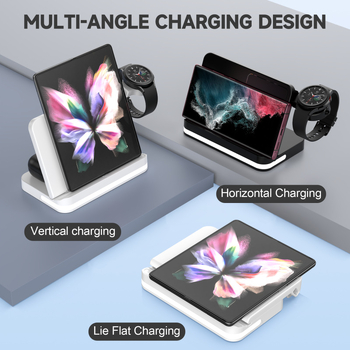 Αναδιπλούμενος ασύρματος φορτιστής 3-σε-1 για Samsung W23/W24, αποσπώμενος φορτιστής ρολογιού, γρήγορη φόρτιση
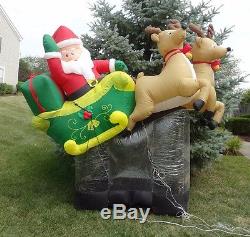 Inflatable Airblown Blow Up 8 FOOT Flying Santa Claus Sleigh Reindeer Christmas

::::

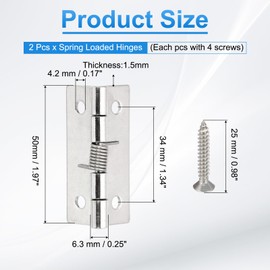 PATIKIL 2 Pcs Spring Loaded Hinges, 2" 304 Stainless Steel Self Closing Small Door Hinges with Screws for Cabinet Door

::::

Where a picture appears in the records above, omit it, and transcribe exactly the stretch of lines from the one with "Αναδιπλούμενος ασύρματος φορτιστής" through the one with "Inflatable Airblown Blow".

Reply to the exercise –
 Αναδιπλούμενος ασύρματος φορτιστής 3-σε-1 για Samsung W23/W24, αποσπώμενος φορτιστής ρολογιού, γρήγορη φόρτιση
 Inflatable Airblown Blow Up 8 FOOT Flying Santa Claus Sleigh Reindeer Christmas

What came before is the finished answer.